Dating evidence consists of a small number of coins found at the site and pottery (bowls, cooking wares and storage jars, lamps). Collectively they indicate that the main period of activity at the site began in the first century BCE and ended in the 1st century CE around the time of the First Jewish Revolt in 70 CE. Some pottery found in the upper cave (Cave II) was dated to between 70 CE and 132 CE, which the archaeologists investigating the site suggested indicated that the complex continued in use after the First Jewish Revolt.

Of the coins, two were found in the upper cave (Cave II) and two in the lower (Cave I). The earliest was produced in 54 CE, during the rule of Roman procurator Antonius Felix. The others were produced during the First Jewish Revolt of 67 to 70 CE.

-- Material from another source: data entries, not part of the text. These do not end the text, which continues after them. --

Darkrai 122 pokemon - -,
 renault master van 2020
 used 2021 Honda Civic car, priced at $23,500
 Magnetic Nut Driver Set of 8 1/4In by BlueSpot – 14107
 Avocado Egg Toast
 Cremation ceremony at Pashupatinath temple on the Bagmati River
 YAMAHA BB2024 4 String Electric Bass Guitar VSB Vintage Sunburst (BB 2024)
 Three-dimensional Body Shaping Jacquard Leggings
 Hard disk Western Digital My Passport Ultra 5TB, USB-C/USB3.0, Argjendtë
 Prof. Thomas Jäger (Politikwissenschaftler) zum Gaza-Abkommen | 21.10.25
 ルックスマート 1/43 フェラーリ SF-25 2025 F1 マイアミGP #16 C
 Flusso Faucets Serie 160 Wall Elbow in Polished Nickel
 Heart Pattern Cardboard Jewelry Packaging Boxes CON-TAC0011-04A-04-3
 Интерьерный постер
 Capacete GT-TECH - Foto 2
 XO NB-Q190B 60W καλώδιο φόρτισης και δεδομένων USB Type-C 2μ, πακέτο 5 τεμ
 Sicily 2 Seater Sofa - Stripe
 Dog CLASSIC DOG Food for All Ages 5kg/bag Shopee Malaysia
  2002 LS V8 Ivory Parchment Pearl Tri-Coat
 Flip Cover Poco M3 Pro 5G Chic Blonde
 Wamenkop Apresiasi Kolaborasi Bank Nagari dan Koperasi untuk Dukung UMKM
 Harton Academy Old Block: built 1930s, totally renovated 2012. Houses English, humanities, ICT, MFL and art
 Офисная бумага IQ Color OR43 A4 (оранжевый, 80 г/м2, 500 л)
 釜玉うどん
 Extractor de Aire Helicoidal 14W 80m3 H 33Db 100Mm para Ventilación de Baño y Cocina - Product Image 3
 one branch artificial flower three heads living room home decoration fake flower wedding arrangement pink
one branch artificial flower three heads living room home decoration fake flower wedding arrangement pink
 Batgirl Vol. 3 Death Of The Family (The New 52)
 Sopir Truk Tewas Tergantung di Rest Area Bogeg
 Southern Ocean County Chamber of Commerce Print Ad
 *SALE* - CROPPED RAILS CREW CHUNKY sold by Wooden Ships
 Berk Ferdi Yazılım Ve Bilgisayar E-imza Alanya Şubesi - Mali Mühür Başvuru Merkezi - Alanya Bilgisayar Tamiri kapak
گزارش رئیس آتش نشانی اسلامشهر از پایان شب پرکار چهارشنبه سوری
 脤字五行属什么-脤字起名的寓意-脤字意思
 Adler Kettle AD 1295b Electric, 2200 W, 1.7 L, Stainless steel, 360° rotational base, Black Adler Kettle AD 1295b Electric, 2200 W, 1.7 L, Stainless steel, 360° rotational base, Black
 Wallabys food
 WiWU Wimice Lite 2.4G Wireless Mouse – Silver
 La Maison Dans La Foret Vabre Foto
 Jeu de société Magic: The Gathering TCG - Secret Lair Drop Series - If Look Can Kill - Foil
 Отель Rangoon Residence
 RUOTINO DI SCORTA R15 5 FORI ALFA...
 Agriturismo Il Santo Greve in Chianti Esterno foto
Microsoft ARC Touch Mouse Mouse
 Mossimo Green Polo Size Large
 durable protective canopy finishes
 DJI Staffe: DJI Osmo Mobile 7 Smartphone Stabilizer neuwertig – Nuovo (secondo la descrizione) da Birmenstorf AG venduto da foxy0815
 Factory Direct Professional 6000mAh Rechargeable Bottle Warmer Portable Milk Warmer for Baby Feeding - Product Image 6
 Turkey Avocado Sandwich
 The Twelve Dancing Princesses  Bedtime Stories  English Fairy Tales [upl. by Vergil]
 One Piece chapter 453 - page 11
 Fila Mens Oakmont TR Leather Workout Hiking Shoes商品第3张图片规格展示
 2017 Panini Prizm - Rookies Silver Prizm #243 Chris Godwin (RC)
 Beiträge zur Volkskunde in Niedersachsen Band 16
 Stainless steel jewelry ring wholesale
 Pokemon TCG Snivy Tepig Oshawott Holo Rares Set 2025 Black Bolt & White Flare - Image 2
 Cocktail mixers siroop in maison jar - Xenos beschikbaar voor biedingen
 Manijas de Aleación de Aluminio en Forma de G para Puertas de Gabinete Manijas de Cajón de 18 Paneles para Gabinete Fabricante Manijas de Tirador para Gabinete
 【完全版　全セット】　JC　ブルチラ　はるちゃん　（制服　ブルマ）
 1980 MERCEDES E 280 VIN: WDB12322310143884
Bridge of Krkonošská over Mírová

A large number of discarded stone vessels were discovered near the entrances to the caves. They had been discarded as they were damaged during production (items discarded during production are referred to as 'wasters'). The remains of broken ossuaries for storing human remains were also found. Though they are a common feature of tombs from the period in which the complex was active, the discovery was the first evidence of an ossuary production site. The archaeologists hypothesised that an ossuary discovered in a burial at Bethphage in 1910, could have been produced at the Scopus workshops. The inscription lists 23 names which may be a list of workers and their wages.